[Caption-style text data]
◆ ◆ ◆ ◆
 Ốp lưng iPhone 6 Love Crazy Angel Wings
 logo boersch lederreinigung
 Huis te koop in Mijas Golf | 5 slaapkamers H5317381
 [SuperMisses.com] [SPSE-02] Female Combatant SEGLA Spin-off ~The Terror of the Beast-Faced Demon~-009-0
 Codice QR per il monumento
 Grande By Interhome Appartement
◆ ◆ ◆ ◆
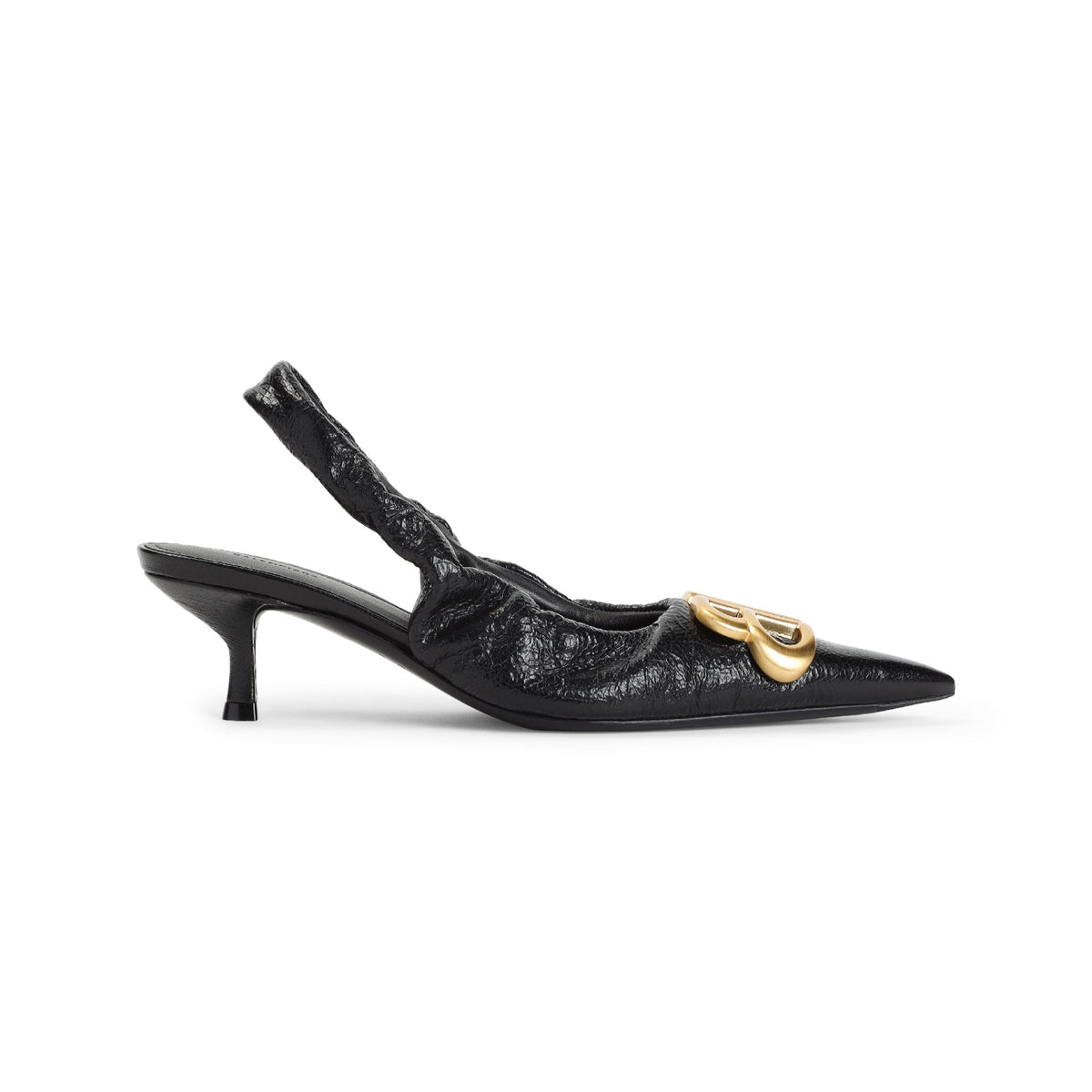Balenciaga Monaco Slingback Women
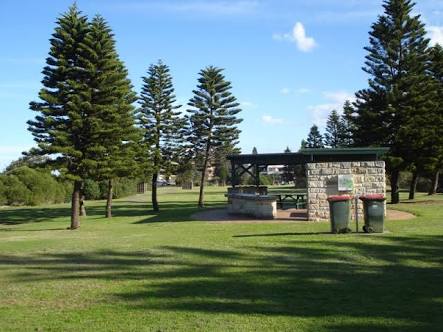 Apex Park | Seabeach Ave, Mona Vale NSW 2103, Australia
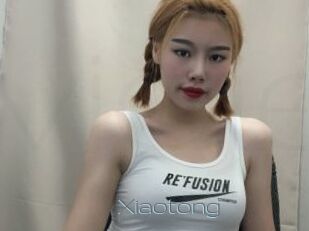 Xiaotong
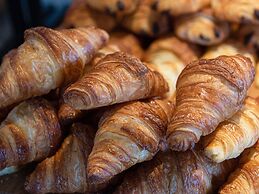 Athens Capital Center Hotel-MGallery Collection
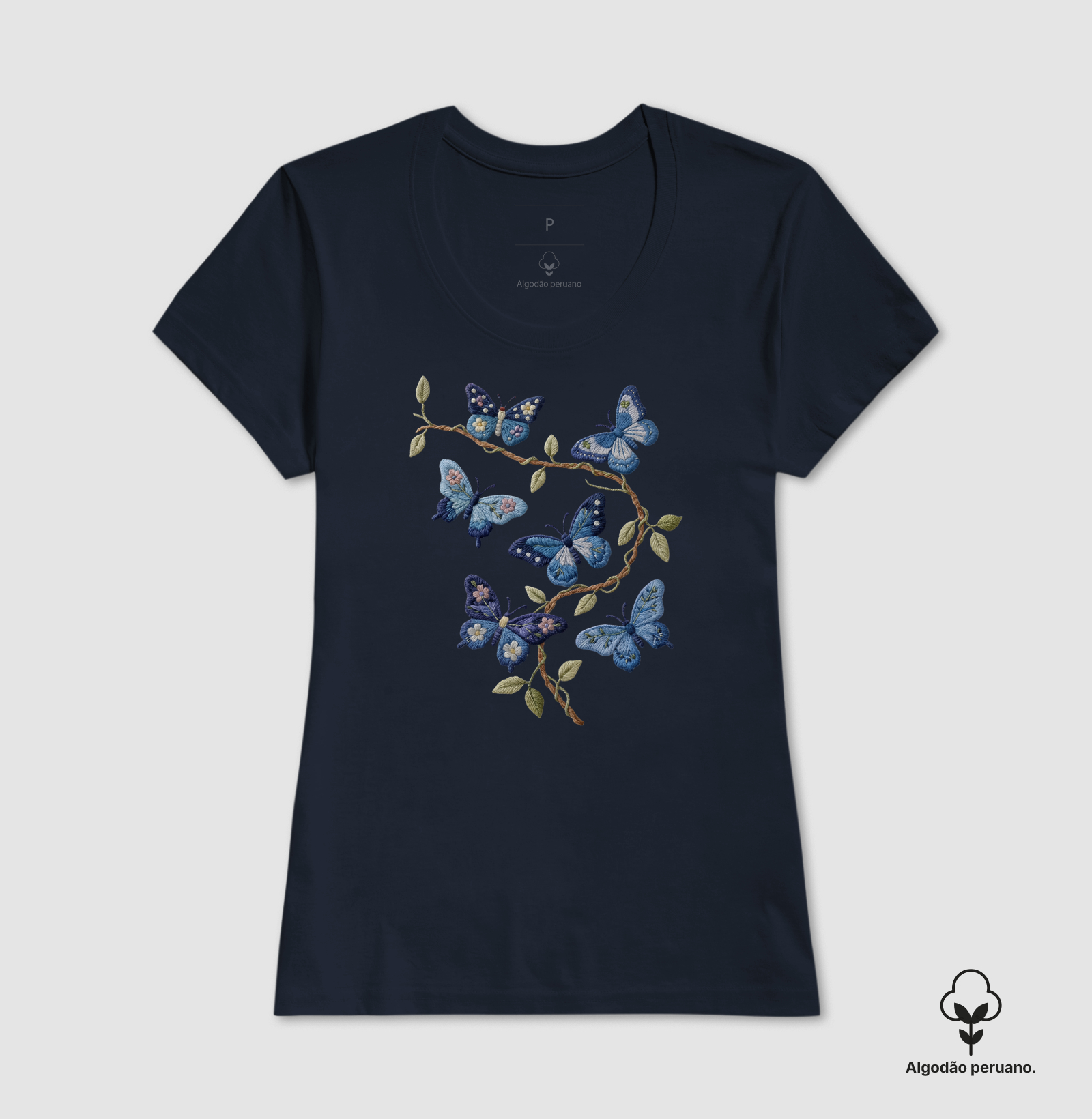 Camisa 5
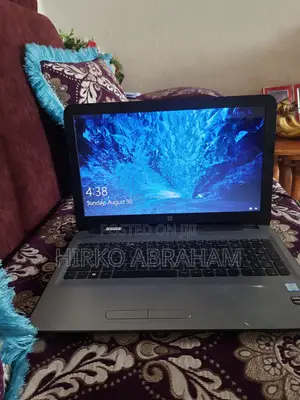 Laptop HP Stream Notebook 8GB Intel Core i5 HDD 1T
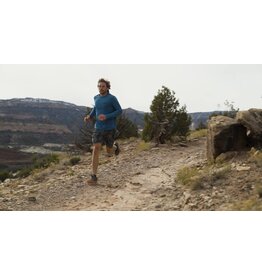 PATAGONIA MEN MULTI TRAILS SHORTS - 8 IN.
◆ ◆ ◆ ◆
TRY IT —
Every line above from the line with "Ốp lưng iPhone 6 Love Crazy Angel Wings" to the line with "Grande By Interhome Appartement", inclusive, must be returned exactly; no other line belongs in the reply.

TASK OUTPUT —
 Ốp lưng iPhone 6 Love Crazy Angel Wings
 logo boersch lederreinigung
 Huis te koop in Mijas Golf | 5 slaapkamers H5317381
 [SuperMisses.com] [SPSE-02] Female Combatant SEGLA Spin-off ~The Terror of the Beast-Faced Demon~-009-0
 Codice QR per il monumento
 Grande By Interhome Appartement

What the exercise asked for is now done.